Is this a 1/4 cord or what?

Thanks Dan


----------



## daveomak (May 1, 2016)

~1/6 of a cord....  a cord is 4 x 4 x 8...


----------



## danbono (May 1, 2016)

Thanks Dave So I have 1/2 cord log holder,how much/cord will I have room for, after the 1/6 cord arrives.

Sorry math wasn't best subject.

Dan.


----------



## daveomak (May 1, 2016)

You will have room for two more 1/6's cord deliveries....   1/6 + 1/6 + 1/6 = 3/6 = 1/2 cord....   if your measurements and the 1/2 cord log holder are correct...


----------



## danbono (May 1, 2016)

Thanks Dave I had originally contacted someone about 1/2 cord 1/4 cherry-1/4 oak, then I found a 4'x4'x17" hickory.

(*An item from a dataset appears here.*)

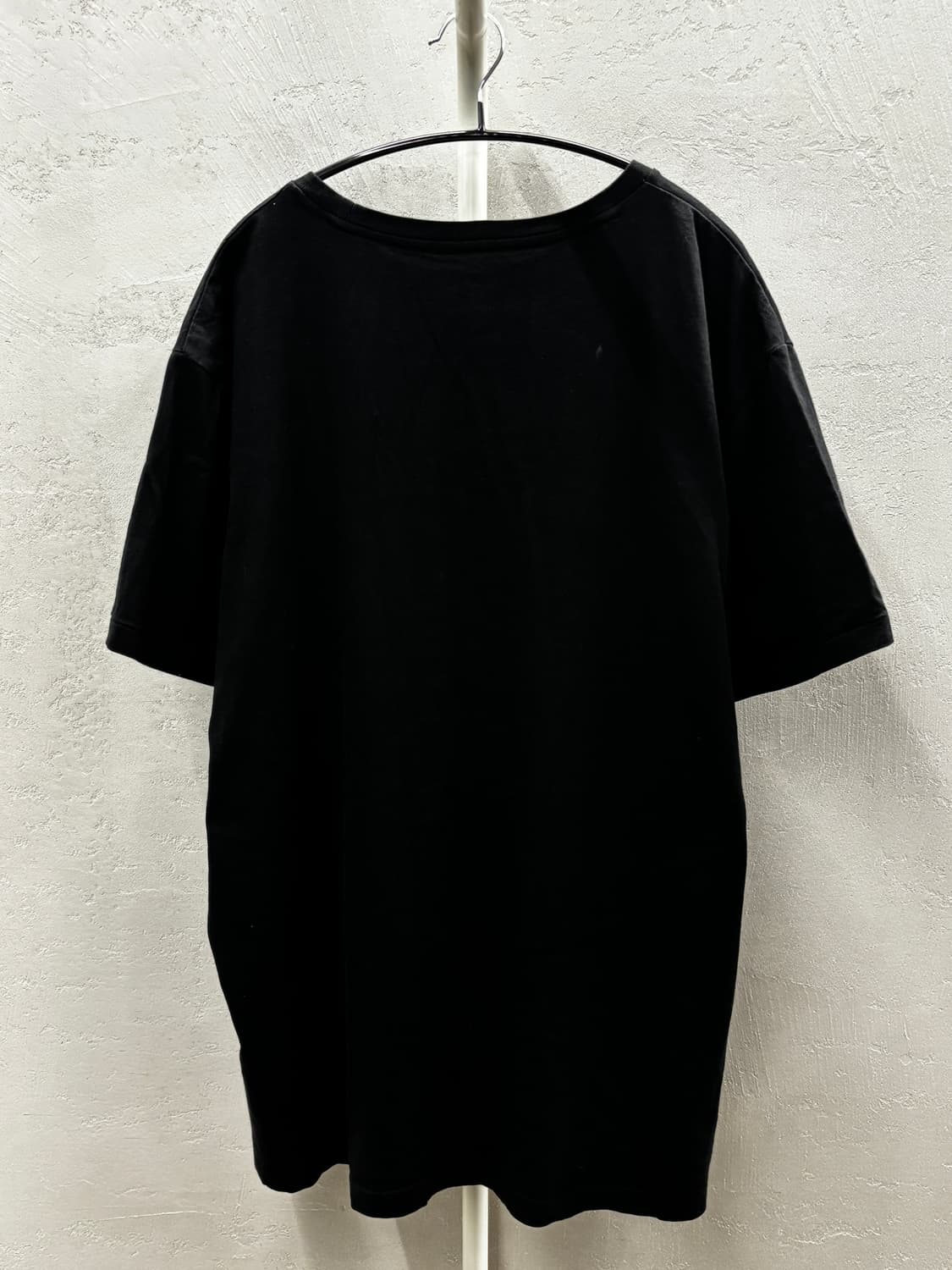 폴로 랄프로렌 레드 로고 반팔 티셔츠 블랙 XL 상품이미지8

I'm going with the hickory cause it is very hard to find here in North Jersey. The person with the 1/2 cord also sells by the piece,maybe pick up some cheery splts to fill in .

Dan


----------



## joe black (May 1, 2016)

I use my wood rack for cooking wood (oak).  That way, I always have plenty.  I buy flavor chunks at Academy in the plastic bags.  They aren't the best, but cherry and apple are very hard to find here.


----------



## alelover (May 2, 2016)

You should have plenty of peach wood down there Joe.


----------



## joe black (May 2, 2016)

I would, Scott.  But the largest peach producer anywhere around was in Gaffney and they closed down several years ago.  They were huge and when a peach orchard went fallow, they would just pull the trees up and anyone could get as much as he wanted.

Good idea though,  Thanks,   Joe


----------



## danbono (May 3, 2016)

Hi All Just stacked my 4'x4'x16"=1/6/cord of Hickory..It took up most of my 1/2 cord log holder, pics when it stops raining.

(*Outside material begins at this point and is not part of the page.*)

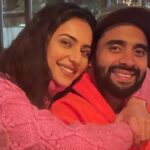 "Love is in the air as Rakul Preet Singh graces Jackky Bhagnani's home on Valentine's Day, creating a buzz of excitement and anticipation for their upcoming wedding festivities."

It was cut in Dec, can I use it now?

Thanks Dan


----------



## danbono (May 5, 2016)

Hi All The rain held up some today, I was able to get a pic of my log holder.

I don't think it holds 1/2  cord. I measured 7' long x 3' high x 17 deep, my other log holder measured 8' long x 3' high.

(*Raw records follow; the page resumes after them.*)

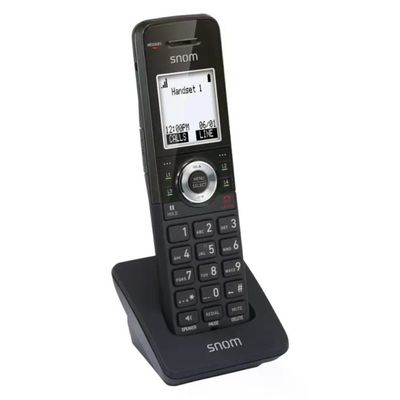 Snom M10 Telefono Cordless DECT Wireless Nero Snom M10 Telefono Cordless DECT Wireless Nero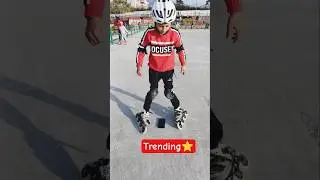 🫣😲#роликовые коньки #skating #skatingstunt #skateindia #skatepractice #professional #inlineskatin...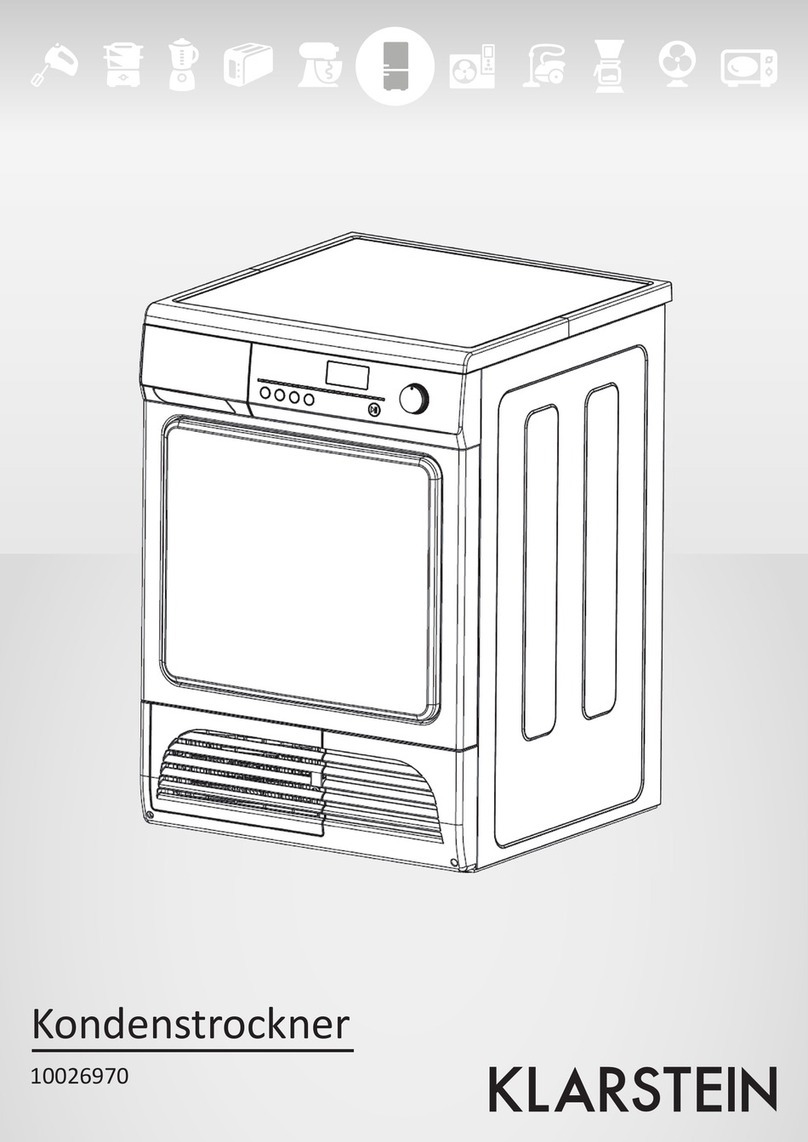 Klarstein 10026970 manual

Well anyway I think I have enough wood for awhile

 Dan

   New log holder 7ft long













DSC03598.JPG



__ danbono
__ May 5, 2016






                                Old log holder 8'













DSC03234.JPG



__ danbono
__ May 5, 2016


----------



## daniels (May 13, 2016)

A cord of wood is 4' high x 4' deep x 8' long and is typically cut into 16" lengths.  The 16" lengths are lined up end to end from front to back, or at least can be.  16" lengths will fit in most wood stoves, or used to anyway.

If you have a 4' high x 8' long x 16" deep stack of wood it's 1/3 rd of a cord and is known as a face cord.  Some suppliers will try to pass off a face cord as a cord so be careful.


----------



## HalfSmoked (May 13, 2016)

DanielS said:


> A cord of wood is 4' high x 4' deep x 8' long and is typically cut into 16" lengths.  The 16" lengths are lined up end to end from front to back, or at least can be.  16" lengths will fit in most wood stoves, or used to anyway.
> 
> If you have a 4' high x 8' long x 16" deep stack of wood it's 1/3 rd of a cord and is known as a face cord.  Some suppliers will try to pass off a face cord as a cord so be careful.


Thanks for the correction I was read all the post on this and was going to respond when I got to the end.

Warren


----------



## danbono (May 14, 2016)

Hi So my wood pile was 4' high x 4' wide x 16" deep, what does it equal to as far a cord goes?

Thanks Dan


----------



## daveomak (May 14, 2016)

1/6 of a cord.....

4 x 4 x 8 = 1 cord

4 x 4 x 4 = 1/2 cord

16" = 1/3 of 4"...


----------



## danbono (May 15, 2016)

Thanks Dave Sounda about right , but I am confused because the 4'x4'x16" took up most of my 1/2 cord log holder. Only thing I can think of was that his measurements were not right, or my log holder holds less then 1/2 cord.

Dan


----------



## daveomak (May 15, 2016)

Measure your log holder....   If it will hold 24" lengths, that changes stuff...  4 x 8 x 24" is half a cord....


----------



## daniels (May 18, 2016)

DanBono said:


> Thanks Dave Sounda about right , but I am confused because the 4'x4'x16" took up most of my 1/2 cord log holder. Only thing I can think of was that his measurements were not right, or my log holder holds less then 1/2 cord.
> 
> Dan


I'll bet your log holder holds 1/2 of a face cord.  1/2 of a full cord is a LOT of wood.  In 16" sticks a 1/2 cord would be 4' high x 12' long x 16" deep.  4' x 4' x 16" is 1/2 a face cord.


----------



## daveomak (May 18, 2016)

Below explains the difference between "Face Cord" and "Cord" of wood....

https://chimneysweeponline.com/hocord.htm


----------



## danbono (May 18, 2016)

Thanks Dave


----------